El ejemplo más comentado es la recolección de las basuras en Bogotá. Por razones ideológicas, la administración distrital decidió que el sistema privado, antes en vigor, debía abrirle espacio a la eficiencia pública. Quienes analizan el caso, llegan a la conclusión de que, aparte de las protuberantes irregularidades cometidas, nunca se tuvo en cuenta el costo económico para la ciudad. Un año después de iniciado el nuevo esquema, la empresa pública registra pérdidas por más de 40 mil millones, hay evidencia de un grave deterioro de los equipos adquiridos, sin contar con el costo laboral de los empleados contratados siguiendo un esquema rígido. Para rematar, el servicio es menos eficiente que el anterior, como lo atestigua el lamentable estado de la limpieza en ciertas zonas de la capital.

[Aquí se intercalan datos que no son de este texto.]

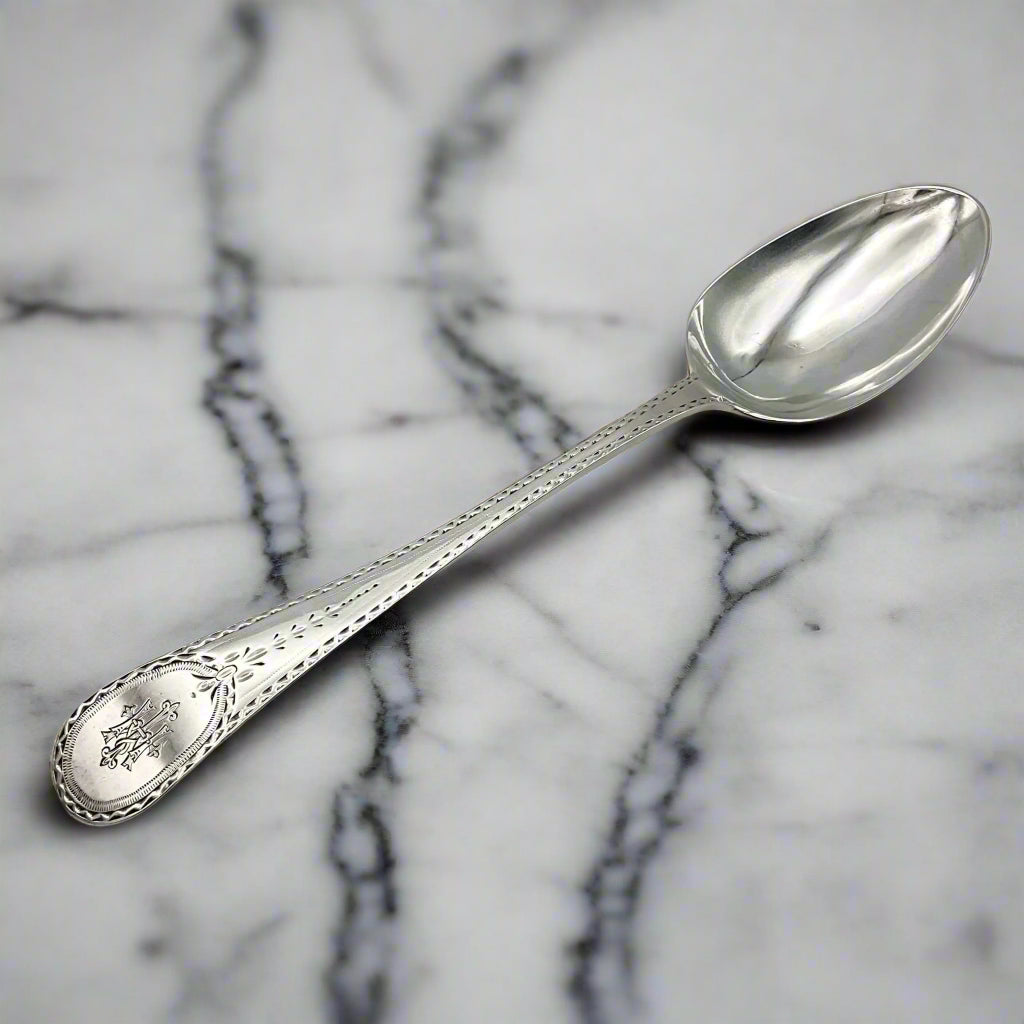 Large antique silver serving spoon with an engraved handle on a marble worktop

Algunos insisten en que la actual administración distrital no es corrupta. Sin duda, es menos que la anterior. Pero es la más ineficiente que recuerde la historia reciente de la capital. Dilapidar dineros públicos está tipificado como demérito fiscal, pues se están perdiendo recursos de todos los ciudadanos. Resulta inexplicable que, en una ciudad con tantos problemas como Bogotá, exista tanta tolerancia frente al despilfarro de cientos de miles de millones de recursos presupuestales. Para la muestra el escandaloso uso de la ETB como caja publicitaria del Distrito. Es a través de esta entidad que se han canalizado los más de 40 mil millones de pesos destinados por el Distrito para inundar de publicidad a todos los medios con cuñas de la Bogotá Humana. ¿Y será que en las manifestaciones recientes de la Plaza de Bolívar no hay uso de dineros públicos? ¿Quién asume todos esos costos?
Utilizar ineficientemente los recursos del Estado es una forma que se asemeja a la corrupción, porque esos dineros podrían solucionar las necesidades urgentes de muchos, que hoy no son atendidas.